Clinton-Besuch

Winken und Schlemmen

Gefährliche Orte CVI: Nach der Bundesregierung kommen nun auch die Staatsgäste nach Berlin. Das Ärgerlichste daran ist die Hofberichterstattung.

Nicht jeden Tag hat man einen US-Präsidenten zu Gast. Entsprechend war Berlin vergangene Woche zeitweise militärisches Sperrgebiet: Polizeipräsenz, Personenkontrollen, Hubschraubereinsätze, Geheimdienstler, Sicherheitsbeamte, Räumfahrzeuge. Und Taucher, die jedes Pfützlein »nach Verdächtigem abgesucht« (Tagesspiegel) haben. Bis schließlich alles »wie evakuiert« (Tagesspiegel) aussah.
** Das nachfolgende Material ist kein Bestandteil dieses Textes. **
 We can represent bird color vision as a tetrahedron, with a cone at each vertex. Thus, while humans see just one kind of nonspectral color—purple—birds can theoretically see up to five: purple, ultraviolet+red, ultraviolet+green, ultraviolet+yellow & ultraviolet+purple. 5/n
»Sicherheitsstufe eins« prahlte es unisono und wichtigkeitstrunken aus den diversen Berliner Provinzpostillen, die nach eigenem Bekunden allesamt Hauptstadtzeitungen sind. Auf's eigene Dasein als polizeilich abgeschirmte Zone ist man in Berlin stolz, weil man den Hochsicherheitsfetischismus und die totale Kontrolle bevorzugt als Beweise der eigenen Bedeutsamkeit versteht.

Und obwohl die von Staat und Polizei herbeihalluzinierten linken Widerständler und Attentäter heutzutage ungefähr so zahlreich und so gefährlich sind wie die Teletubbies, gab es keinen Gullydeckel, der vor der Ankunft des US-Präsidenten nicht dreimal umgedreht und »auf Bomben geprüft« (B.Z.) worden war, bevor er vorschriftsgemäß zugeschweißt wurde. Und kein Dach ohne Scharfschützen.

»2 500 Polizisten und 200 BGS-Beamte sind rund um die Uhr im Einsatz, darunter auch Spezialkräfte wie Scharfschützen« (B.Z.), freute sich säbelrasselnd die größte Zeitung Berlins über die weltoffene Haupstadt der friedlichsten aller Nationen. »Berlin hat viel gewonnen: die Freiheit, das Flair der Hauptstadt.« (B.Z.) Oder anders formuliert: »Strahlende Sonne, schöne Stadt« (tageszeitung).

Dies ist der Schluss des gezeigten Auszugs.